Abstract

Markov chain is one of the most widely used methods for land use change forecasting, however, it's a non-spatial model and few papers have discussed the effects of time-duration on its performance. In this paper, we first present the primary methodologies of the Spatial-Markov model, which endows the ordinary Markov chain with spatial dimension using spatial analysis techniques, and then explore the effects of forecasting time-duration on the model's performance. By taking Shandong province, China as a case study area, land use maps in 1990, 1995, 2000, 2005 and 2010 were created using on Landsat images and then the Spatial-Markov model was developed at 1 km spatial scale.
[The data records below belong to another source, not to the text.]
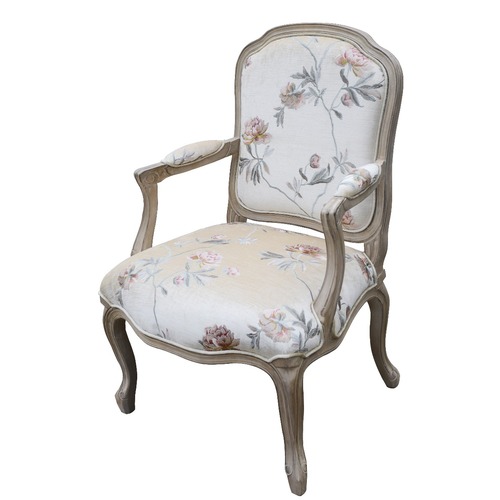 Wash White Louis XV Chair With Flower Fabric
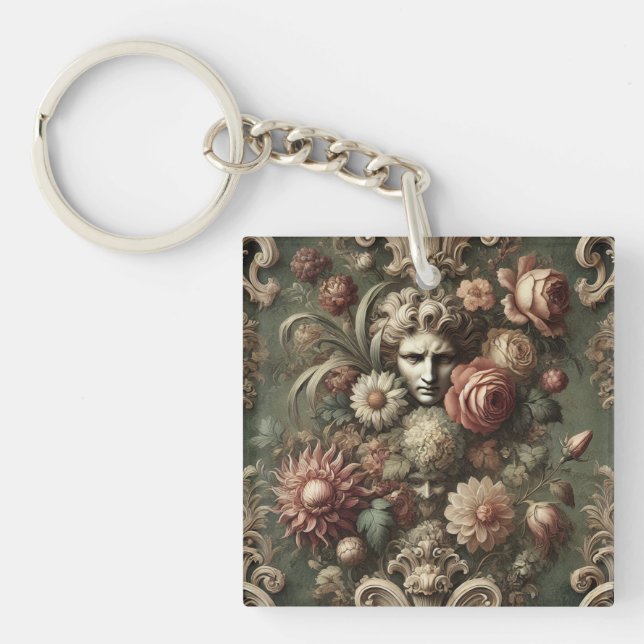Ennui Elegance – Gothic Baroque Floral Pattern Key Ring (Front)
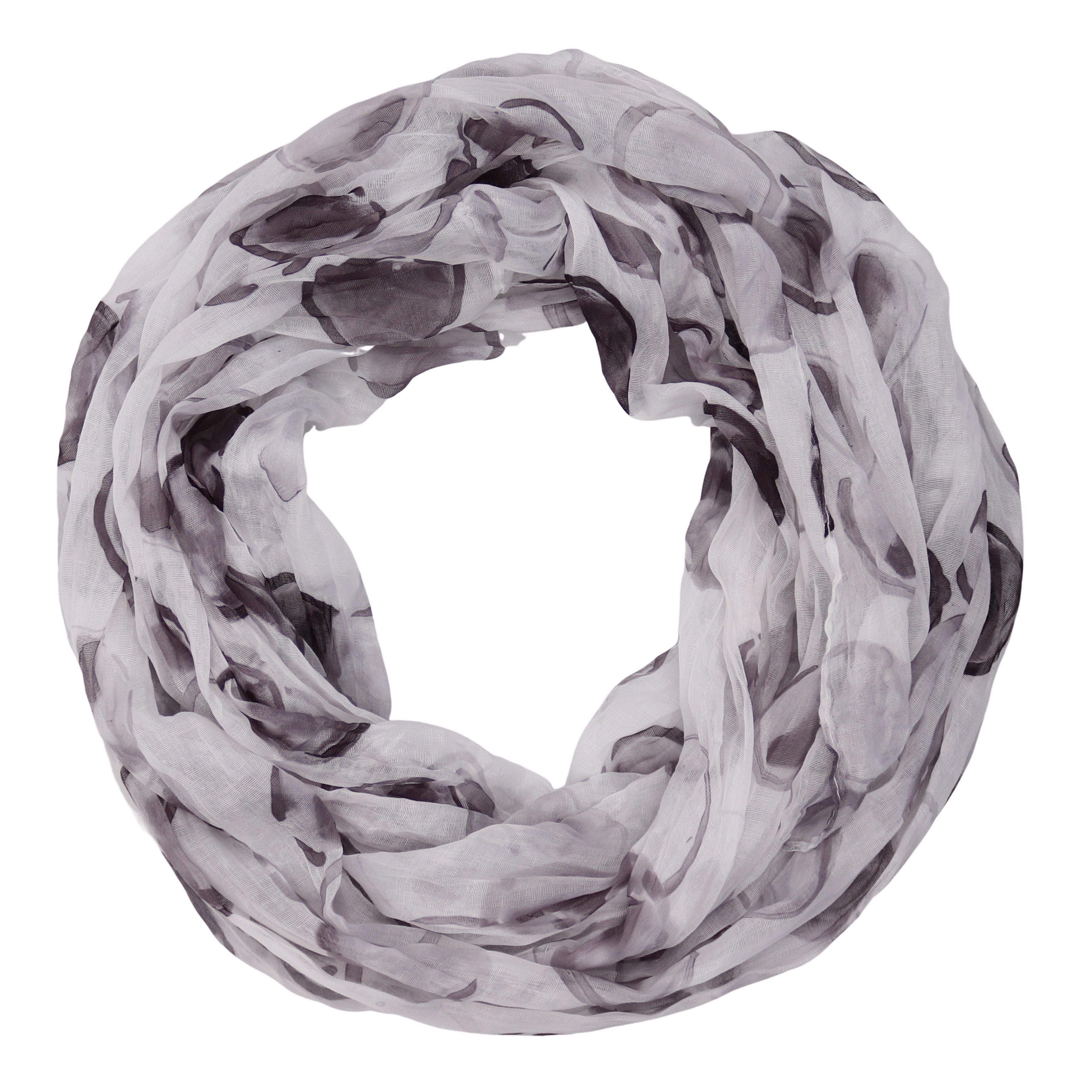 MIRROSI Loop Damen Schal mit Kreis-Muster Weich, (zweimal um den Hals wickelbar, ca.45x75cm), Damen Halstuch ideal für Frühling, Sommer oder Herbst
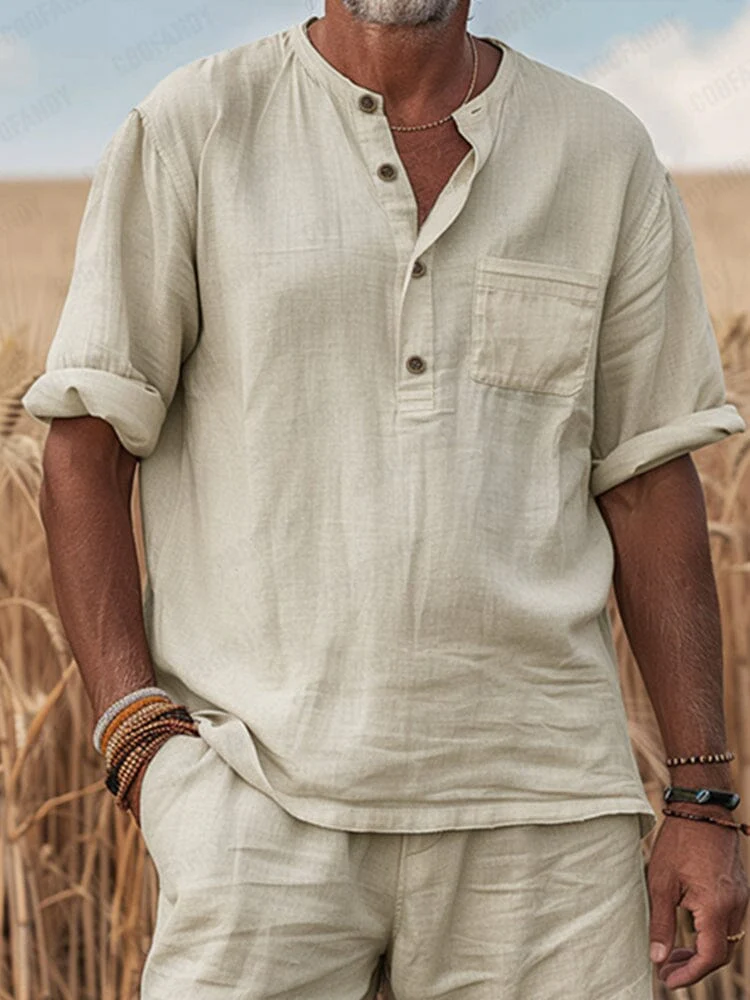 Timeless Cotton Shirt Shorts Set - Image 4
In detail, we repeatedly run the model by choosing different initial time points and the same time step (five year interval) to simulate the spatial-temporal dynamics of land use change from 1990 to 2010. The forecasting results of a single run included a stack of ratio scale images and a derived nominal scale image, chi(2) test and Kappa coefficient were adopted to evaluate their accuracy respectively. It turned out that the Spatial-Markov model could achieve very good performance for short period forecasting. For the case study, it was quite qualified for the prediction of three time steps (up to 15 years) or more within which the results had much high reliability, however, time-duration of forecasting had much significant impact on the model's performance, the longer the forecasting duration, the lower the model's accuracy.